- We are maintaining our BUY rating on Alliance Financial Group Bhd (AFG), with an unchanged fair value of RM4.40/share. This is based on FY13F's ROE of 13.2% and consequently, a fair P/BV of 1.7x.
- AFG's net earnings at RM479mil for FY12 came in ahead of our forecast by 3.4% and consensus' RM479mil by 1%.
- Gross loans rose 3.4% QoQ in 4QFY12 and 11.3% in FY12, stronger than the targeted 8% rate. This was backed by robust growth of 16.3% QoQ in the business banking loans segment, which now accounts for 46.1% of total loans. We estimate a 13bps QoQ decline in NIM in 4QFY12. The lower NIM was mainly due to higher cost of funds, which came partly from bigger portion of fixed deposit funding in this quarter.
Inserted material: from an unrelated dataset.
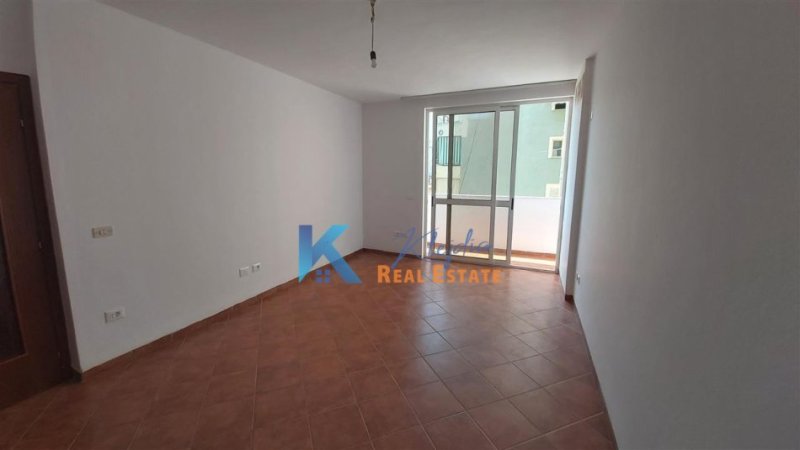 Tirane, jepet me qera zyre Kati 3, 90 m² (Myslym Shyr, rrugica Him Kolli)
- Fee income ratio came in at 28.1% in 4QFY12 vs. 25.5% in 3QFY12. This was backed by higher fee income portion.
- Gross impaired loans have reversed the quarterly improving trend over the past five quarters, given an uptick by 1.3% QoQ. Gross impaired loans ratio was unchanged at 2.4% in 4QFY12 (3QFY12: 2.4%). Loan loss provision rose to RM23.6mil in 4QFY12 from RM10.0mil in 3QFY12, taking credit costs to 38bps from 17bps. Overall gross impaired loans remained mild, and credit costs still relatively low compared to historical trends. Loan loss cover was raised further to 108.5% in 4QFY12 from 107.6% in 3QFY12, marking the seventh consecutive quarter of QoQ improvement.
- AFG's 4QFY12's top line growth in terms of loans came in ahead of our expectations, but this was offset partly by lower NIM, which at this point seems to be due mainly to efforts to secure longer-term fixed deposit funding rather than any particular weaknesses in CASA. There were some upticks in impaired loans, but the upward trend is mild and is not alarming. Working capital impaired loans remains well contained. Overall, 4QFY12 was in line with expectations, but the positive thing to note is loans growth momentum is now picking up.
- We expect the share price to rerate from here onwards based on:- (a) confirmation of M&A, given that DBS has been given the approval to negotiate with one of the major shareholders of AFG's direct substantial shareholders, Vertical Theme. We expect the M&A to provide a floor price to AFG; (b) evidence of better-thanexpected SME asset quality; (c) improved fee income; and (d) possible boost to book value from write-back in collective assessment rates.